What you are asked to do. The entries are to be written out again with no differences.

Dataset.
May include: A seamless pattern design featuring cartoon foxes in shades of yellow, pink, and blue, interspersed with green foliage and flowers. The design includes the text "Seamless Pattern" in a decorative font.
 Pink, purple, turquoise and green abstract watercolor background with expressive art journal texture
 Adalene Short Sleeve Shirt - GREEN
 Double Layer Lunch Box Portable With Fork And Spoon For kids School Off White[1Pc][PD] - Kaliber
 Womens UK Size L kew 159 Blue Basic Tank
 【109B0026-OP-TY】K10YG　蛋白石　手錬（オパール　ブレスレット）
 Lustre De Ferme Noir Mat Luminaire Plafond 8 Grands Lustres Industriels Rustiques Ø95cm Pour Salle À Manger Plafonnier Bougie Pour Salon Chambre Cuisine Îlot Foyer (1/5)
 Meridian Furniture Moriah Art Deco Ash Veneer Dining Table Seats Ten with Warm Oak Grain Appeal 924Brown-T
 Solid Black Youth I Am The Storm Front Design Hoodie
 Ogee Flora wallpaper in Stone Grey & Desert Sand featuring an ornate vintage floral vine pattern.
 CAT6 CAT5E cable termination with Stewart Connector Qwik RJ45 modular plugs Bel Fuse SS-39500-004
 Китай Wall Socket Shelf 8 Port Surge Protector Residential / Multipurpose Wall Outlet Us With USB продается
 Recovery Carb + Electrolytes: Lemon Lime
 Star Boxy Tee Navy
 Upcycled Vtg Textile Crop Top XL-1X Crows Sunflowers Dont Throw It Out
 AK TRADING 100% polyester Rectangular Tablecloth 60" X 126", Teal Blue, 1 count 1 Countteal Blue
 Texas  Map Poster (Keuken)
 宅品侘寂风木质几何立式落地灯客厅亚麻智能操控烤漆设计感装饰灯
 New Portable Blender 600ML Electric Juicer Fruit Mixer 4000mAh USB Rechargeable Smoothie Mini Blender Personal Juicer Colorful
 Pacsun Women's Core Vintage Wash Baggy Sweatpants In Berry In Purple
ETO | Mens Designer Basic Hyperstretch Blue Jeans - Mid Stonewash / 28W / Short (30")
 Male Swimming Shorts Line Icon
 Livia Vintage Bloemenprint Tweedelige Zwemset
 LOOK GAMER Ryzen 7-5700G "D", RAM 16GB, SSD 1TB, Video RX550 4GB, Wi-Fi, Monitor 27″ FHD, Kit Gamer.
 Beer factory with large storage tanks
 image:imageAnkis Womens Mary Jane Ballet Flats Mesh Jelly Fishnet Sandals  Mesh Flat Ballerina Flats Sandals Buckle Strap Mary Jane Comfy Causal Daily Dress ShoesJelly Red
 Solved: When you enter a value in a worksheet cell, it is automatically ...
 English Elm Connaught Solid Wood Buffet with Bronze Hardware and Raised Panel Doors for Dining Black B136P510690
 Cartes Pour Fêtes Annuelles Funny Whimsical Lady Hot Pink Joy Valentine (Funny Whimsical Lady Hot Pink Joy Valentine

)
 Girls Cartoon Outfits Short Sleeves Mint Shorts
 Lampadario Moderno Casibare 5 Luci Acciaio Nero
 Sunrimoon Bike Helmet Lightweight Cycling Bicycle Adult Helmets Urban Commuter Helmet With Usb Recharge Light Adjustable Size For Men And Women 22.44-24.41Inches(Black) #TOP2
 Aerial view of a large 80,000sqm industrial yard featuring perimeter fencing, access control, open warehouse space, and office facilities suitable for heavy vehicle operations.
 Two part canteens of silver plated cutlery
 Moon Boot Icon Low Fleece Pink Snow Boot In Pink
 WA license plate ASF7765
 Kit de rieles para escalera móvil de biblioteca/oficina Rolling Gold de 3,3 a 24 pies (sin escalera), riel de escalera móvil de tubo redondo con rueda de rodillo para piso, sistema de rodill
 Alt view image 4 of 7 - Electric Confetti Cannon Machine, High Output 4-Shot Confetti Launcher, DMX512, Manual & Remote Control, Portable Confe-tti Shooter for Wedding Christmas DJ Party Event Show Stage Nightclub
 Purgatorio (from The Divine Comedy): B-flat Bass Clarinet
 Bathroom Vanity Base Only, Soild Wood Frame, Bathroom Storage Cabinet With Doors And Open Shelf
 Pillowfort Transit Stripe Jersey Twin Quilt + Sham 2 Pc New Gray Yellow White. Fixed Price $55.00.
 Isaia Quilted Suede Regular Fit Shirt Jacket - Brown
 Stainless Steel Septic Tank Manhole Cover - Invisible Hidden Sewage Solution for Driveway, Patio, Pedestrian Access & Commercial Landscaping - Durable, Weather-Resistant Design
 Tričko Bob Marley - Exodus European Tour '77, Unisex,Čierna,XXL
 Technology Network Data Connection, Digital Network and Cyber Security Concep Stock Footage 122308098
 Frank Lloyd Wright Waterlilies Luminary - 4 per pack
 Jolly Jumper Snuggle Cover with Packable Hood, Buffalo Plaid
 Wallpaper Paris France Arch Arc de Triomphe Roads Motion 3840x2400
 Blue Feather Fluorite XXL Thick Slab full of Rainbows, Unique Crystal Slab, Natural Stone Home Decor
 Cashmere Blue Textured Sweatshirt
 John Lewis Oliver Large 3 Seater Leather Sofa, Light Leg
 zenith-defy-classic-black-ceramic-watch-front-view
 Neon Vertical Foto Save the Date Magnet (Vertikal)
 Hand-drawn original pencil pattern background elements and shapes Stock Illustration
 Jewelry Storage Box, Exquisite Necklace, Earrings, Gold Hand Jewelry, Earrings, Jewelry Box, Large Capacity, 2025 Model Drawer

Your solution.
May include: A seamless pattern design featuring cartoon foxes in shades of yellow, pink, and blue, interspersed with green foliage and flowers. The design includes the text "Seamless Pattern" in a decorative font.
 Pink, purple, turquoise and green abstract watercolor background with expressive art journal texture
 Adalene Short Sleeve Shirt - GREEN
 Double Layer Lunch Box Portable With Fork And Spoon For kids School Off White[1Pc][PD] - Kaliber
 Womens UK Size L kew 159 Blue Basic Tank
 【109B0026-OP-TY】K10YG　蛋白石　手錬（オパール　ブレスレット）
 Lustre De Ferme Noir Mat Luminaire Plafond 8 Grands Lustres Industriels Rustiques Ø95cm Pour Salle À Manger Plafonnier Bougie Pour Salon Chambre Cuisine Îlot Foyer (1/5)
 Meridian Furniture Moriah Art Deco Ash Veneer Dining Table Seats Ten with Warm Oak Grain Appeal 924Brown-T
 Solid Black Youth I Am The Storm Front Design Hoodie
 Ogee Flora wallpaper in Stone Grey & Desert Sand featuring an ornate vintage floral vine pattern.
 CAT6 CAT5E cable termination with Stewart Connector Qwik RJ45 modular plugs Bel Fuse SS-39500-004
 Китай Wall Socket Shelf 8 Port Surge Protector Residential / Multipurpose Wall Outlet Us With USB продается
 Recovery Carb + Electrolytes: Lemon Lime
 Star Boxy Tee Navy
 Upcycled Vtg Textile Crop Top XL-1X Crows Sunflowers Dont Throw It Out
 AK TRADING 100% polyester Rectangular Tablecloth 60" X 126", Teal Blue, 1 count 1 Countteal Blue
 Texas  Map Poster (Keuken)
 宅品侘寂风木质几何立式落地灯客厅亚麻智能操控烤漆设计感装饰灯
 New Portable Blender 600ML Electric Juicer Fruit Mixer 4000mAh USB Rechargeable Smoothie Mini Blender Personal Juicer Colorful
 Pacsun Women's Core Vintage Wash Baggy Sweatpants In Berry In Purple
ETO | Mens Designer Basic Hyperstretch Blue Jeans - Mid Stonewash / 28W / Short (30")
 Male Swimming Shorts Line Icon
 Livia Vintage Bloemenprint Tweedelige Zwemset
 LOOK GAMER Ryzen 7-5700G "D", RAM 16GB, SSD 1TB, Video RX550 4GB, Wi-Fi, Monitor 27″ FHD, Kit Gamer.
 Beer factory with large storage tanks
 image:imageAnkis Womens Mary Jane Ballet Flats Mesh Jelly Fishnet Sandals  Mesh Flat Ballerina Flats Sandals Buckle Strap Mary Jane Comfy Causal Daily Dress ShoesJelly Red
 Solved: When you enter a value in a worksheet cell, it is automatically ...
 English Elm Connaught Solid Wood Buffet with Bronze Hardware and Raised Panel Doors for Dining Black B136P510690
 Cartes Pour Fêtes Annuelles Funny Whimsical Lady Hot Pink Joy Valentine (Funny Whimsical Lady Hot Pink Joy Valentine

)
 Girls Cartoon Outfits Short Sleeves Mint Shorts
 Lampadario Moderno Casibare 5 Luci Acciaio Nero
 Sunrimoon Bike Helmet Lightweight Cycling Bicycle Adult Helmets Urban Commuter Helmet With Usb Recharge Light Adjustable Size For Men And Women 22.44-24.41Inches(Black) #TOP2
 Aerial view of a large 80,000sqm industrial yard featuring perimeter fencing, access control, open warehouse space, and office facilities suitable for heavy vehicle operations.
 Two part canteens of silver plated cutlery
 Moon Boot Icon Low Fleece Pink Snow Boot In Pink
 WA license plate ASF7765
 Kit de rieles para escalera móvil de biblioteca/oficina Rolling Gold de 3,3 a 24 pies (sin escalera), riel de escalera móvil de tubo redondo con rueda de rodillo para piso, sistema de rodill
 Alt view image 4 of 7 - Electric Confetti Cannon Machine, High Output 4-Shot Confetti Launcher, DMX512, Manual & Remote Control, Portable Confe-tti Shooter for Wedding Christmas DJ Party Event Show Stage Nightclub
 Purgatorio (from The Divine Comedy): B-flat Bass Clarinet
 Bathroom Vanity Base Only, Soild Wood Frame, Bathroom Storage Cabinet With Doors And Open Shelf
 Pillowfort Transit Stripe Jersey Twin Quilt + Sham 2 Pc New Gray Yellow White. Fixed Price $55.00.
 Isaia Quilted Suede Regular Fit Shirt Jacket - Brown
 Stainless Steel Septic Tank Manhole Cover - Invisible Hidden Sewage Solution for Driveway, Patio, Pedestrian Access & Commercial Landscaping - Durable, Weather-Resistant Design
 Tričko Bob Marley - Exodus European Tour '77, Unisex,Čierna,XXL
 Technology Network Data Connection, Digital Network and Cyber Security Concep Stock Footage 122308098
 Frank Lloyd Wright Waterlilies Luminary - 4 per pack
 Jolly Jumper Snuggle Cover with Packable Hood, Buffalo Plaid
 Wallpaper Paris France Arch Arc de Triomphe Roads Motion 3840x2400
 Blue Feather Fluorite XXL Thick Slab full of Rainbows, Unique Crystal Slab, Natural Stone Home Decor
 Cashmere Blue Textured Sweatshirt
 John Lewis Oliver Large 3 Seater Leather Sofa, Light Leg
 zenith-defy-classic-black-ceramic-watch-front-view
 Neon Vertical Foto Save the Date Magnet (Vertikal)
 Hand-drawn original pencil pattern background elements and shapes Stock Illustration
 Jewelry Storage Box, Exquisite Necklace, Earrings, Gold Hand Jewelry, Earrings, Jewelry Box, Large Capacity, 2025 Model Drawer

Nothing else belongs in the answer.